Materials provided —
* * * * *

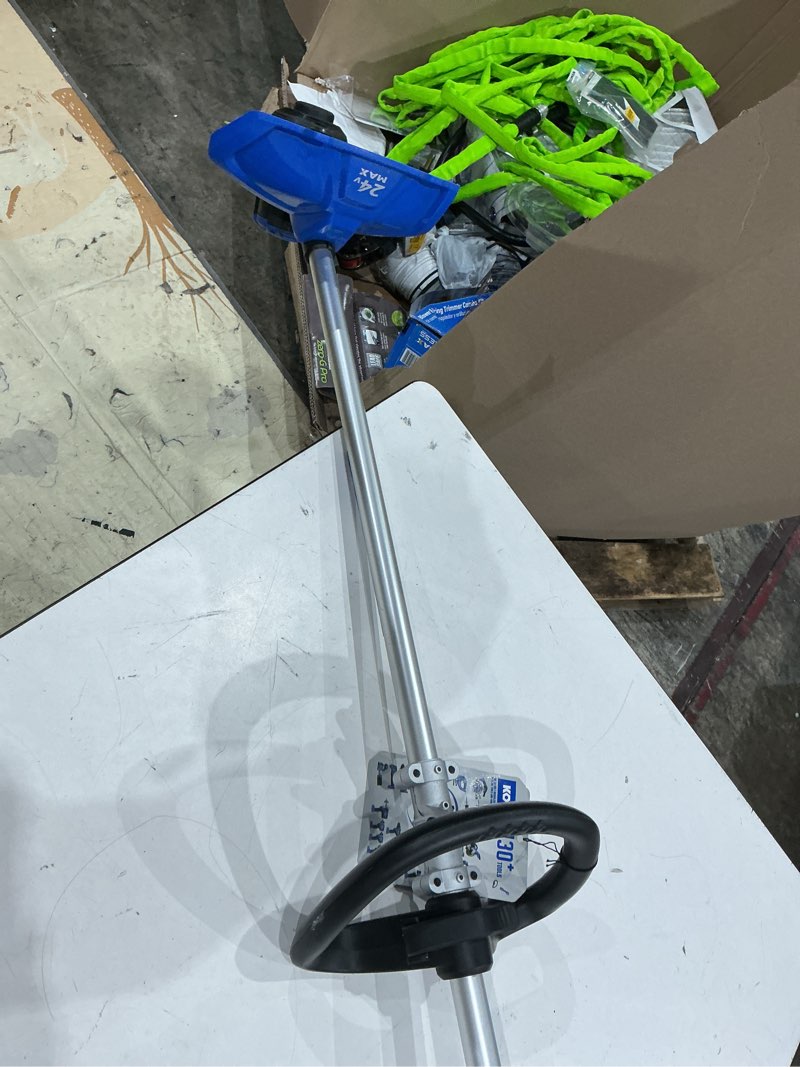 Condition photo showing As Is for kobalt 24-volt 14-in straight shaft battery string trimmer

* * * * *

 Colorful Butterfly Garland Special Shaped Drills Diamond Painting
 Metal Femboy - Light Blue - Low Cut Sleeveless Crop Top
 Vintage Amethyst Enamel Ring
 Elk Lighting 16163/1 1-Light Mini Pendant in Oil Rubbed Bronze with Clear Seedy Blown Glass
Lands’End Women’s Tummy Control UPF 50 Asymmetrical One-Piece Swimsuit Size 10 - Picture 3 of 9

* * * * *

Problem statement — Considering only the material above, set down every line from the one with "Metal Femboy - Light" to the one with "Lands’End Women’s Tummy", inclusive, exactly as written.

Task answer —
 Metal Femboy - Light Blue - Low Cut Sleeveless Crop Top
 Vintage Amethyst Enamel Ring
 Elk Lighting 16163/1 1-Light Mini Pendant in Oil Rubbed Bronze with Clear Seedy Blown Glass
Lands’End Women’s Tummy Control UPF 50 Asymmetrical One-Piece Swimsuit Size 10 - Picture 3 of 9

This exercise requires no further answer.